[MATERIAL TO PROCESS]:
····················

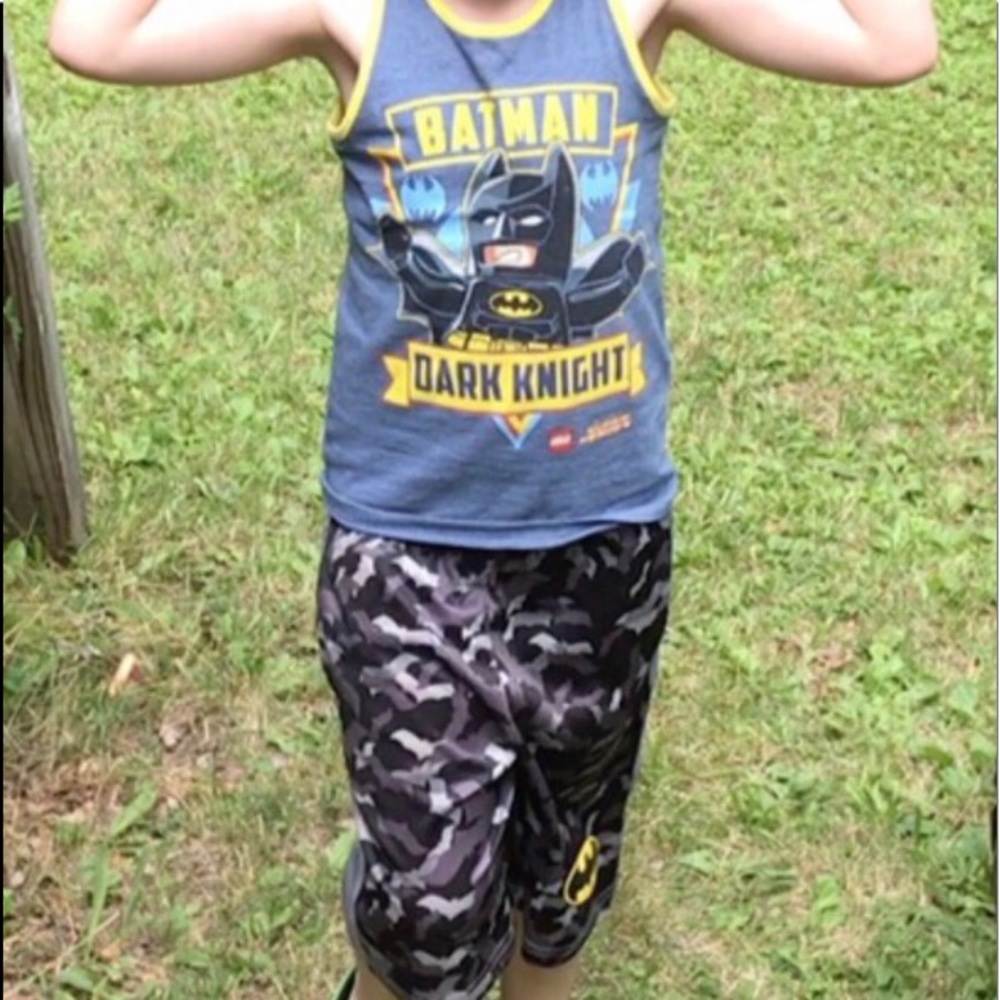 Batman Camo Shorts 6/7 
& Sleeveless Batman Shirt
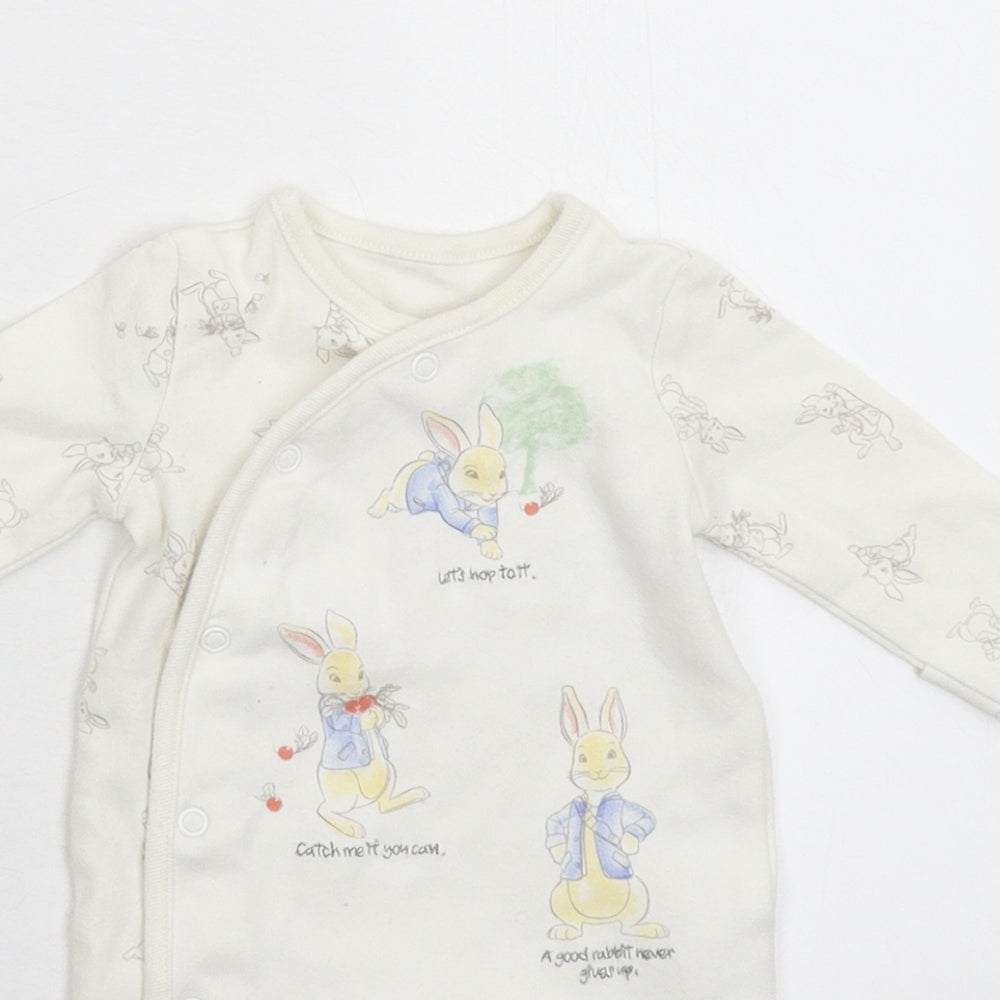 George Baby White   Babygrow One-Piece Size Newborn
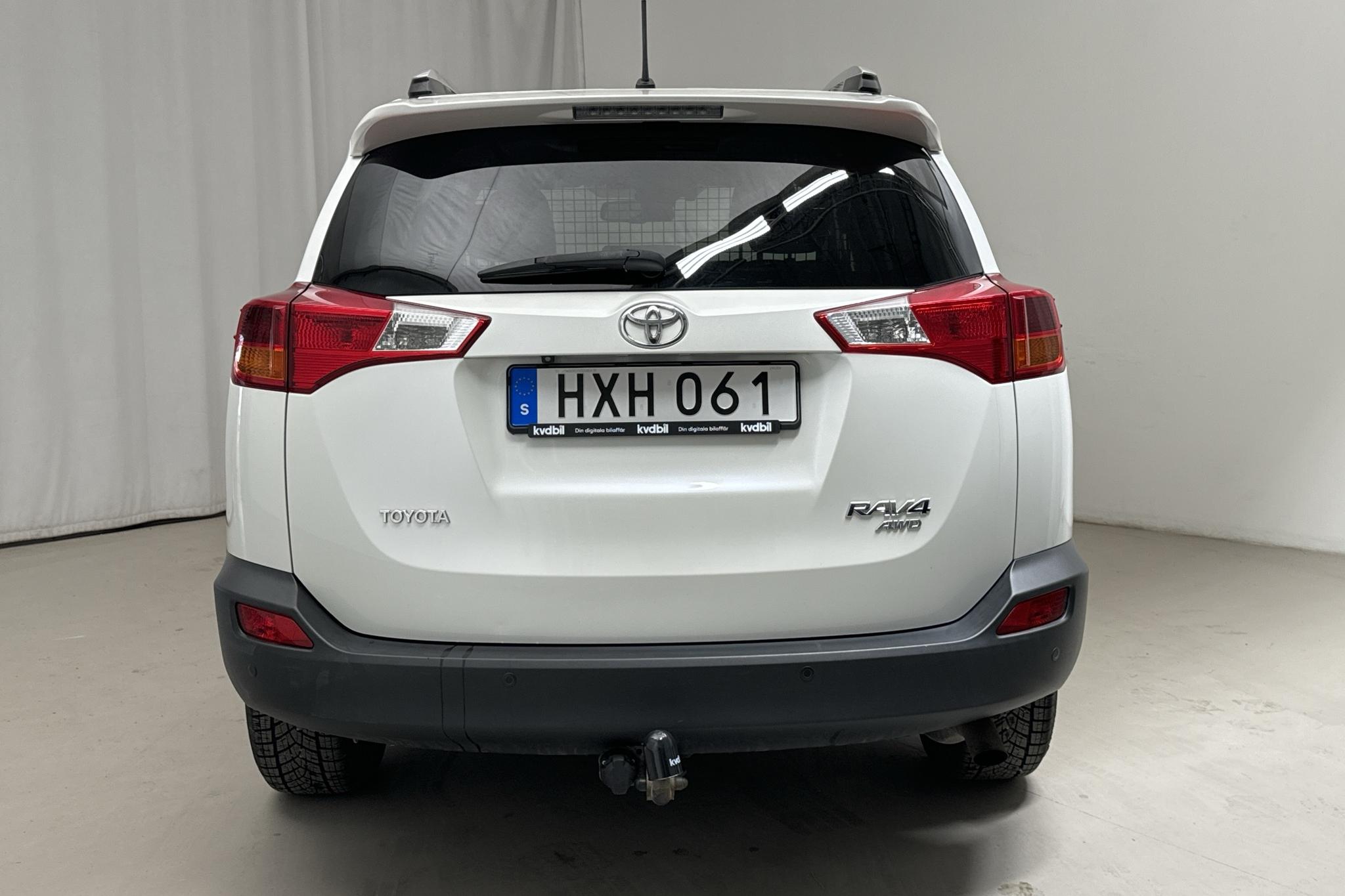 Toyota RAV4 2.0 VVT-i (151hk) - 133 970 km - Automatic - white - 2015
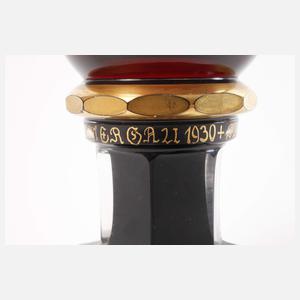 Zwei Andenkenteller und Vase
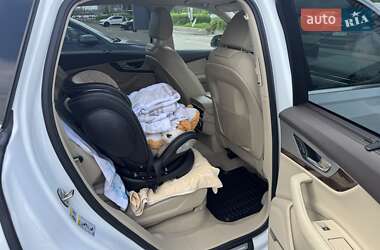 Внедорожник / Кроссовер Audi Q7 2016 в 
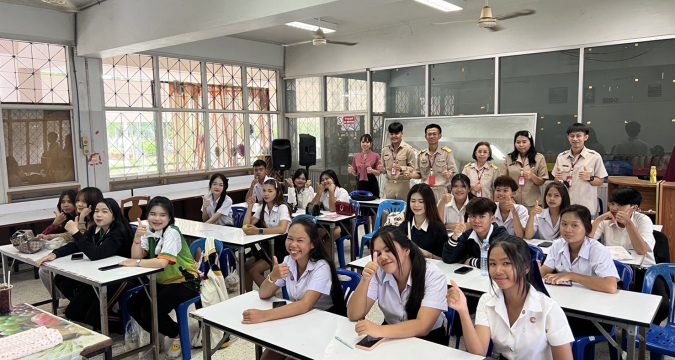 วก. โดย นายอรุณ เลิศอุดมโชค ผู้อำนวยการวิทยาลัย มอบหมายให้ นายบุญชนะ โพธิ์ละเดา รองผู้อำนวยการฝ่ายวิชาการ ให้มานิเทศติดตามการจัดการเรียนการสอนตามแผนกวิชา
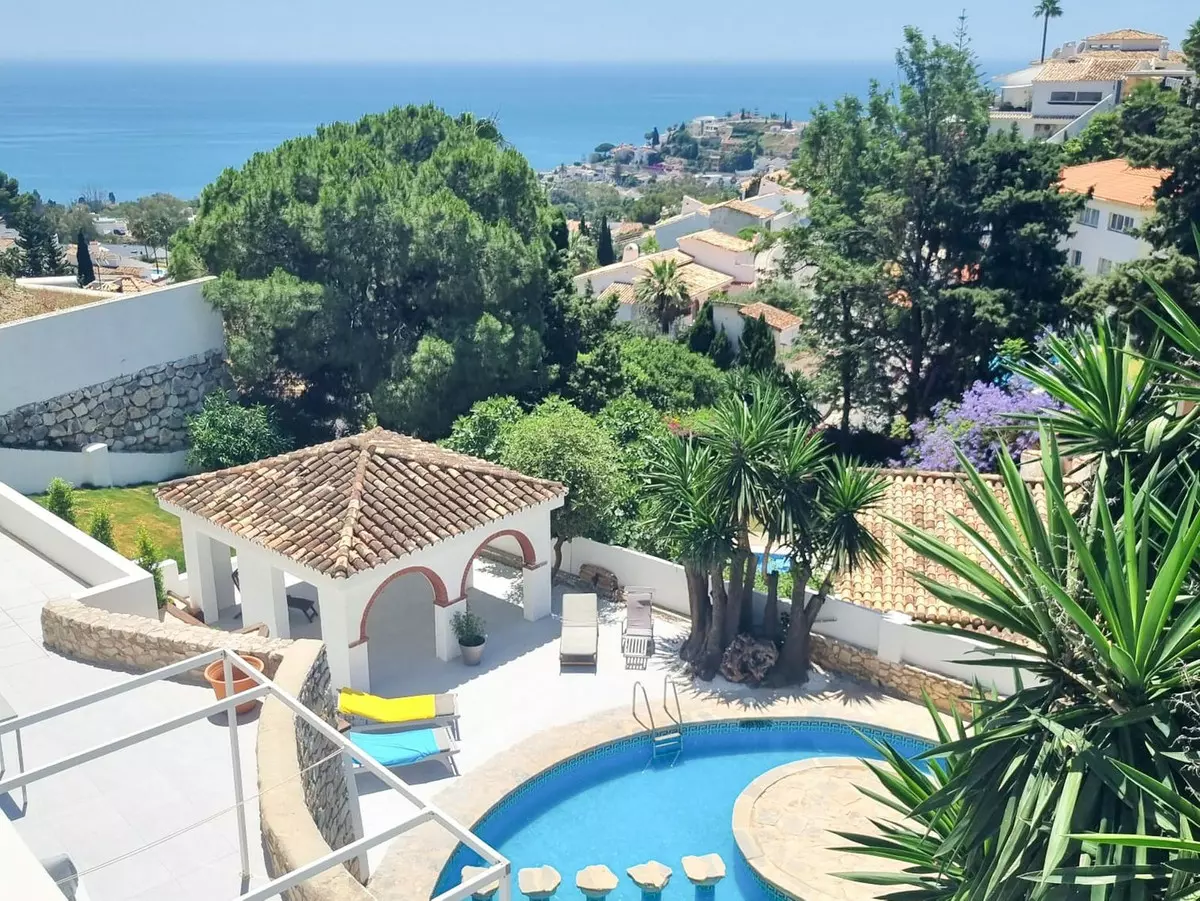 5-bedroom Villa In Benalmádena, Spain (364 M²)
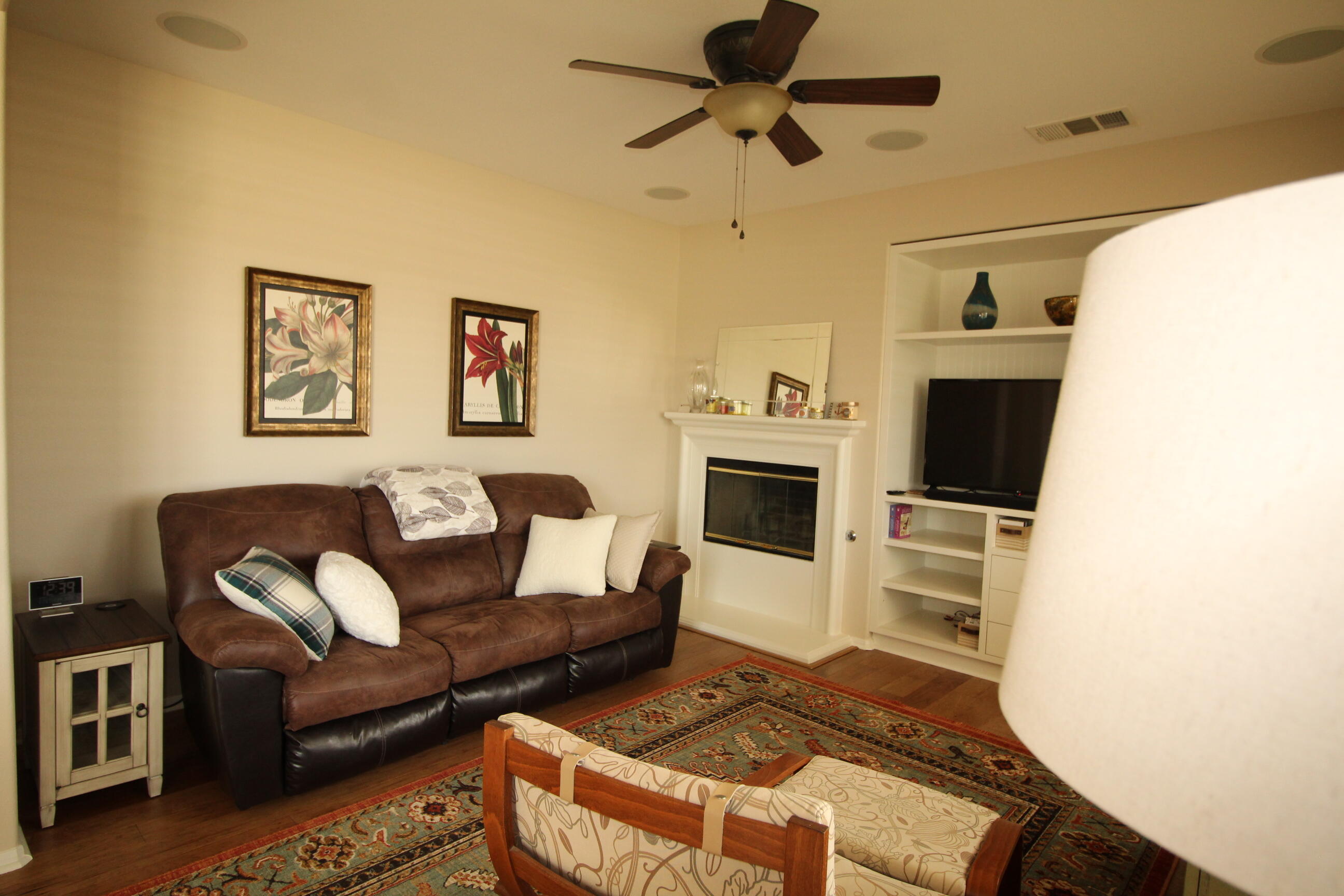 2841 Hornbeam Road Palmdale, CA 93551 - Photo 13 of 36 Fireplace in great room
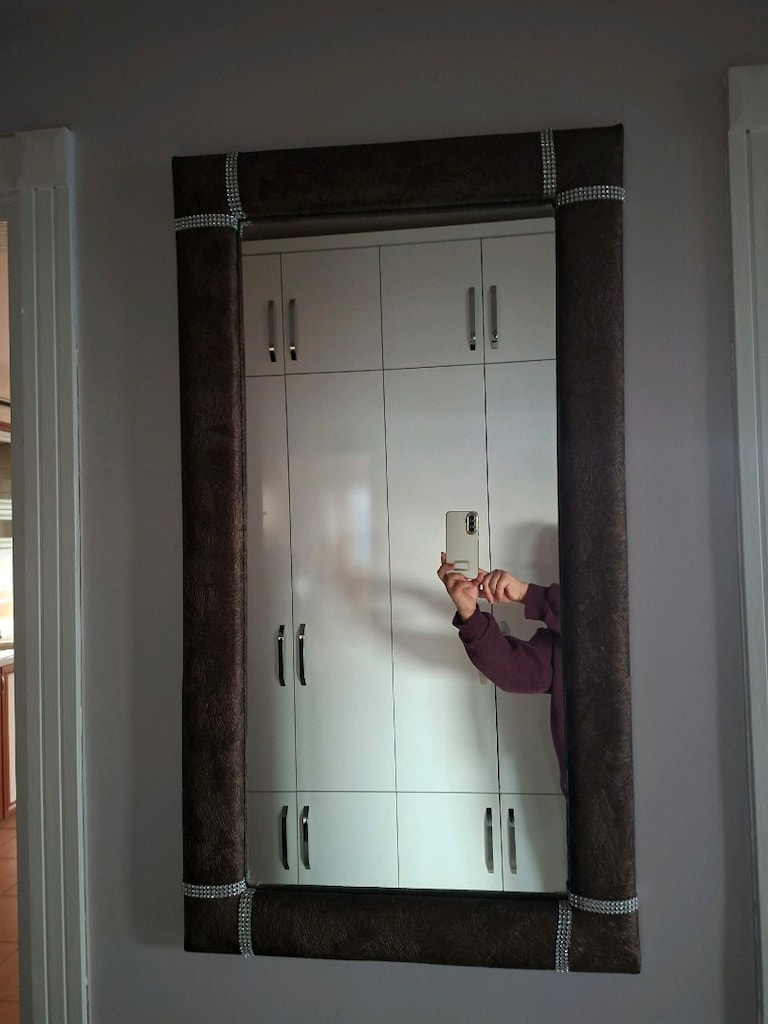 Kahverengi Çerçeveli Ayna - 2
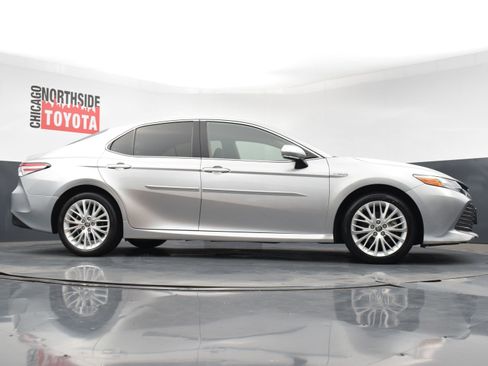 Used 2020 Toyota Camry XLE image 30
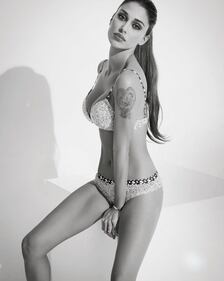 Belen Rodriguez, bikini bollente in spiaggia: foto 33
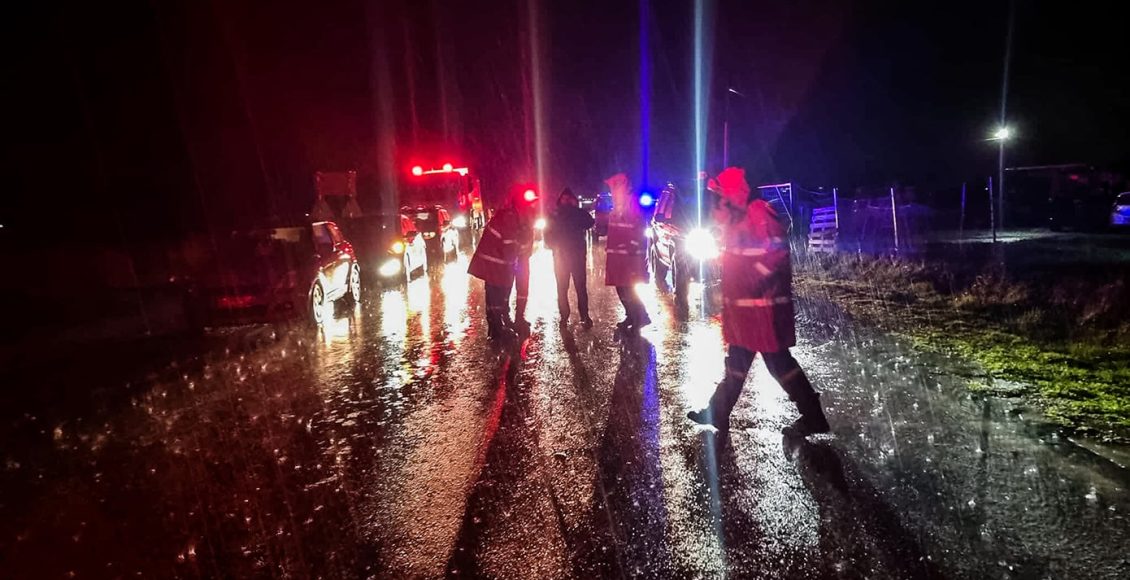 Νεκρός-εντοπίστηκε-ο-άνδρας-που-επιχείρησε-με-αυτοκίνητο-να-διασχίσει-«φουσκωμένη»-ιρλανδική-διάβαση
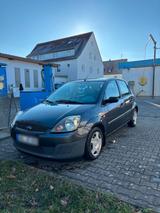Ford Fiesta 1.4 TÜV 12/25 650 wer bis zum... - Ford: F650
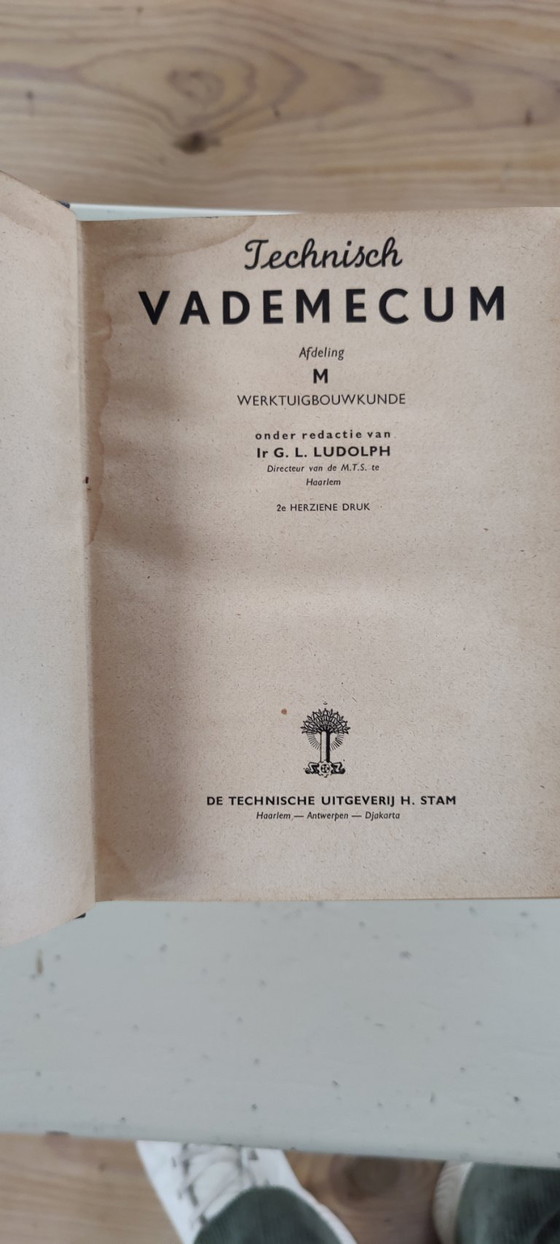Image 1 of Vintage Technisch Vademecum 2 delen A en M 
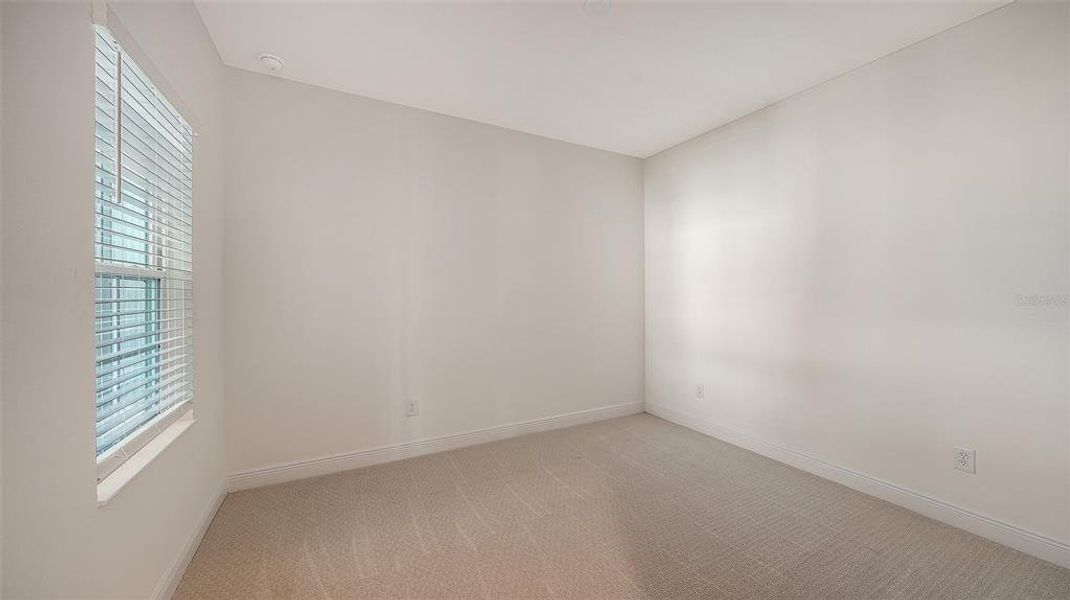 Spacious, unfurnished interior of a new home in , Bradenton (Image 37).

····················

[WHAT TO WORK ON]:
The reply is to be all the records above, transcribed exactly, with no pictures.

[TASK ANSWER]:
 Batman Camo Shorts 6/7 
& Sleeveless Batman Shirt
 George Baby White   Babygrow One-Piece Size Newborn
 Toyota RAV4 2.0 VVT-i (151hk) - 133 970 km - Automatic - white - 2015
 Zwei Andenkenteller und Vase
 Внедорожник / Кроссовер Audi Q7 2016 в 
 วก. โดย นายอรุณ เลิศอุดมโชค ผู้อำนวยการวิทยาลัย มอบหมายให้ นายบุญชนะ โพธิ์ละเดา รองผู้อำนวยการฝ่ายวิชาการ ให้มานิเทศติดตามการจัดการเรียนการสอนตามแผนกวิชา
 5-bedroom Villa In Benalmádena, Spain (364 M²)
 2841 Hornbeam Road Palmdale, CA 93551 - Photo 13 of 36 Fireplace in great room
 Kahverengi Çerçeveli Ayna - 2
 Used 2020 Toyota Camry XLE image 30
 Belen Rodriguez, bikini bollente in spiaggia: foto 33
 Νεκρός-εντοπίστηκε-ο-άνδρας-που-επιχείρησε-με-αυτοκίνητο-να-διασχίσει-«φουσκωμένη»-ιρλανδική-διάβαση
Ford Fiesta 1.4 TÜV 12/25 650 wer bis zum... - Ford: F650
Image 1 of Vintage Technisch Vademecum 2 delen A en M 
 Spacious, unfurnished interior of a new home in , Bradenton (Image 37).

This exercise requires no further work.